**Exercise goal:** Please output exactly the part of the records below that opens with the line containing "thrive: a simple" and closes with the line containing "шапки спицами МОДНАЯ", both lines included, and nothing else.

**Extracted information:**
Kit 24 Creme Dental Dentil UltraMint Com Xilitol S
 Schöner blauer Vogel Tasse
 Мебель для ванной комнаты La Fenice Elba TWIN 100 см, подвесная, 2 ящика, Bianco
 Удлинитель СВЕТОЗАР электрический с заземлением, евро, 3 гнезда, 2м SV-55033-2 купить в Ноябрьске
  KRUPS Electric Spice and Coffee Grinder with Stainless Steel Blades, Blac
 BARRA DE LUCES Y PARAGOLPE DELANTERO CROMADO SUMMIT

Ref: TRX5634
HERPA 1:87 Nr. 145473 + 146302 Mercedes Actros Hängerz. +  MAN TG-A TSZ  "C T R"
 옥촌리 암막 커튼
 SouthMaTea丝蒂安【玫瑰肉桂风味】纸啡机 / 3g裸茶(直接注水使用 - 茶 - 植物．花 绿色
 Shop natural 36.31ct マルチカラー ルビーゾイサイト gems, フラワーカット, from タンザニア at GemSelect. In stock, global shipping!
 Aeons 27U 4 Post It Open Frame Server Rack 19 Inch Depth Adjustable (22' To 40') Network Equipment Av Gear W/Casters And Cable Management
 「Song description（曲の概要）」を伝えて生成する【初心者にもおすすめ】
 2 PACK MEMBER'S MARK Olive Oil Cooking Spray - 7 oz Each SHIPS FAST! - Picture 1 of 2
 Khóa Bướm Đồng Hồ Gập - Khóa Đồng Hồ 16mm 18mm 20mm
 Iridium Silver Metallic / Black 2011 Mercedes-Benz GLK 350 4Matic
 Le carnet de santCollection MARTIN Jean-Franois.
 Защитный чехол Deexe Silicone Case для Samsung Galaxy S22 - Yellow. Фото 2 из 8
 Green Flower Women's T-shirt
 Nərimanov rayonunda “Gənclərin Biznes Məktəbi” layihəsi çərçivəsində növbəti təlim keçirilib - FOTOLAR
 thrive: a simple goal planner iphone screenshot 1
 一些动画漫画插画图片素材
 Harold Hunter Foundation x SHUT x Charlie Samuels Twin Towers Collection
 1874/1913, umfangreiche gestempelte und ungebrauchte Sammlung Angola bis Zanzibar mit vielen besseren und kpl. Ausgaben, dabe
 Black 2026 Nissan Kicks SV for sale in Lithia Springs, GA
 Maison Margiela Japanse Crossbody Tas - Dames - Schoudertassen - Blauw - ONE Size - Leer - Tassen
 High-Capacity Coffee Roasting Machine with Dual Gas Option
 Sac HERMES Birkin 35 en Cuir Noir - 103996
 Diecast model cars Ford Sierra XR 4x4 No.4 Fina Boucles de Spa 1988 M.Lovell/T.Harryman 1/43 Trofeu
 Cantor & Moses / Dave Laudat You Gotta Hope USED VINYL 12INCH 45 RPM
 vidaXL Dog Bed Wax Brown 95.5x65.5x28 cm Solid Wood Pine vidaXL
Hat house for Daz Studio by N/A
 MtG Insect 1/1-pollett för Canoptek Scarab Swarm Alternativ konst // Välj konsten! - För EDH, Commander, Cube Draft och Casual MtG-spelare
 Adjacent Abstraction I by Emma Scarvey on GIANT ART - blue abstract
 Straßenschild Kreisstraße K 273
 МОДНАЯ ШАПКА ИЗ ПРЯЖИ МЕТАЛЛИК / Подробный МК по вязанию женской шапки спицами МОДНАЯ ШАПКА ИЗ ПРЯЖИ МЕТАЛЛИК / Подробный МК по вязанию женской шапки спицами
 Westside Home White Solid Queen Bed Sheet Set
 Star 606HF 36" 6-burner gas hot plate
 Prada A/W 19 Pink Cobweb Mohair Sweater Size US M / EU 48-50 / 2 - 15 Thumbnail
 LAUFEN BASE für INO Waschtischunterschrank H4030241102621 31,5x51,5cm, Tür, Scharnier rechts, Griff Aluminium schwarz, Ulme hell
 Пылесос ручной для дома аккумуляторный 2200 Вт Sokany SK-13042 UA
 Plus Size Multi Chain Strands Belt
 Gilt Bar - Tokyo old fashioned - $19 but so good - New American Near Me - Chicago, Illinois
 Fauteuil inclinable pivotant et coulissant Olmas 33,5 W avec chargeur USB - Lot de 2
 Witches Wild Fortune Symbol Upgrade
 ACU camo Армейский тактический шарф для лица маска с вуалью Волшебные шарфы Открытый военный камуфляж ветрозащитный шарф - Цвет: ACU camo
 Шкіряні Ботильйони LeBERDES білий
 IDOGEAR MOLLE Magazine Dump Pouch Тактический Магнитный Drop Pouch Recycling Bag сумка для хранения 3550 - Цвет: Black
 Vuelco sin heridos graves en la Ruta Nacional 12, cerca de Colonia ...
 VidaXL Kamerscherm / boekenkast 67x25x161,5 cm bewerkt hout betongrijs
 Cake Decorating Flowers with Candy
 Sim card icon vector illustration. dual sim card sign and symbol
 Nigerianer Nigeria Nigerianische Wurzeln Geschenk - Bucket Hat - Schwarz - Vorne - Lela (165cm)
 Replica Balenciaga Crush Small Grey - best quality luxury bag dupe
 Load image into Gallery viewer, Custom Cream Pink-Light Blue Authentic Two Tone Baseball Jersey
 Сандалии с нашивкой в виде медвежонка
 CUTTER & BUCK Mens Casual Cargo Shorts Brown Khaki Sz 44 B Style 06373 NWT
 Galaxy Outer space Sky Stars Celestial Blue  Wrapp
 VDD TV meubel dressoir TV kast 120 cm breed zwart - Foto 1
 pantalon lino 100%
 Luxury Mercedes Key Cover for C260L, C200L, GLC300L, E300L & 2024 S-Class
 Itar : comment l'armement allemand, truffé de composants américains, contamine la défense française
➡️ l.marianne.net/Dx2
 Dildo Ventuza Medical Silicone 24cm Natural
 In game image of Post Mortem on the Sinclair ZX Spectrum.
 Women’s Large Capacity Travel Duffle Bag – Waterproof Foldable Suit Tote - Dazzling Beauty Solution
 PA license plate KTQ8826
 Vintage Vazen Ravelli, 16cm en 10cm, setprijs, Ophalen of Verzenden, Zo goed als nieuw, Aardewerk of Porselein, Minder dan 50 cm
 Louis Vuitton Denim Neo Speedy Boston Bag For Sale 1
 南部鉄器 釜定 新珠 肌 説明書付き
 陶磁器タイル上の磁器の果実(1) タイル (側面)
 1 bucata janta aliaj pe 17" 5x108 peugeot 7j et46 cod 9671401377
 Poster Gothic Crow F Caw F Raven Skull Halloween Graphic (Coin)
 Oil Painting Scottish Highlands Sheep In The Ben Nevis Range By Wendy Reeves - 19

**Output for this task:**
 thrive: a simple goal planner iphone screenshot 1
 一些动画漫画插画图片素材
 Harold Hunter Foundation x SHUT x Charlie Samuels Twin Towers Collection
 1874/1913, umfangreiche gestempelte und ungebrauchte Sammlung Angola bis Zanzibar mit vielen besseren und kpl. Ausgaben, dabe
 Black 2026 Nissan Kicks SV for sale in Lithia Springs, GA
 Maison Margiela Japanse Crossbody Tas - Dames - Schoudertassen - Blauw - ONE Size - Leer - Tassen
 High-Capacity Coffee Roasting Machine with Dual Gas Option
 Sac HERMES Birkin 35 en Cuir Noir - 103996
 Diecast model cars Ford Sierra XR 4x4 No.4 Fina Boucles de Spa 1988 M.Lovell/T.Harryman 1/43 Trofeu
 Cantor & Moses / Dave Laudat You Gotta Hope USED VINYL 12INCH 45 RPM
 vidaXL Dog Bed Wax Brown 95.5x65.5x28 cm Solid Wood Pine vidaXL
Hat house for Daz Studio by N/A
 MtG Insect 1/1-pollett för Canoptek Scarab Swarm Alternativ konst // Välj konsten! - För EDH, Commander, Cube Draft och Casual MtG-spelare
 Adjacent Abstraction I by Emma Scarvey on GIANT ART - blue abstract
 Straßenschild Kreisstraße K 273
 МОДНАЯ ШАПКА ИЗ ПРЯЖИ МЕТАЛЛИК / Подробный МК по вязанию женской шапки спицами МОДНАЯ ШАПКА ИЗ ПРЯЖИ МЕТАЛЛИК / Подробный МК по вязанию женской шапки спицами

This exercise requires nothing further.